EUA President Professor Jean-Marc Rapp led a delegation to meet the Latvian Prime Minister, Mr Valdis Dombrovskis, and State Secretary of the Ministry of Education, Mareks Gruskevics (on Tuesday 10th November).

The aim of the trip was to discuss the future of Latvian higher education, and particularly the funding for the country’s 34 higher education institutions, in the light of the severe economic downturn in Latvia. EUA also took part in a meeting at the Latvian Parliament with Mr Janis Strazdins, Chairman of the Parliamentary Committee on Education, Science and Culture and Mrs Baiba Rivza, a representative of the Parliamentary Committee on State budget.

The Latvian government has had to cut spending significantly in all areas of its overall budget and higher education has been particularly severely hit. The overall 2009 HE budget was severely cut  (nearly 50%) by government and further reductions are planned for 2010, and this has already led to salary cuts and reductions in staff in all of Latvia’s 34 higher education institutions.

While Latvia is not the only country to experience cuts in higher education budgets over the last year, the EUA delegation  - which also included Board member, Tadeusz Luty, and Secretary General, Lesley Wilson - stressed that it is more important than ever during such difficult economic times to invest in higher education. As underlined in EUA's Prague Declaration, universities are motors for economic recovery offering opportunities to diverse groups of learners, and providing the optimal creative environment for the talented young researchers that Europe needs.

During the meeting, the leader of the Latvian government also spoke about the next year’s budget which is presently being discussed by Parliament, and highlighted that during the 2nd reading of the Budget in Latvia, the Ministry of Education and Science will have the possibility to submit proposals for the allocation of additional funds to higher education.

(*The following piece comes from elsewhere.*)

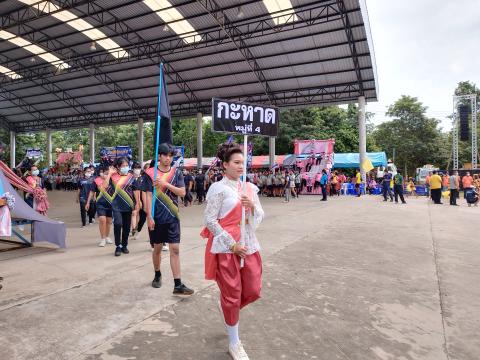 งานกีฬาวังเหนือเกมส์ ครั้งที่1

In the discussions, Professor Rapp also offered the expertise of the association in coordinating an external review, to be carried out by international experts, of the proposals on the table for reforming the structure of higher education in Latvia. Among potential issues that could be addressed in such a review, in addition to the overall structure of the system, are a number of questions addressed in EUA’s comparative study on university autonomy, such as the ownership of real estate in European universities, and different funding strategies.
As stressed in the Prague Declaration, EUA is calling on all member states to step up efforts to reach the Barcelona target of 3% investment in research and development – signifying more than 700,000 additional researchers – and to invest at least 2% of GDP in higher education, as proposed by the European Commission.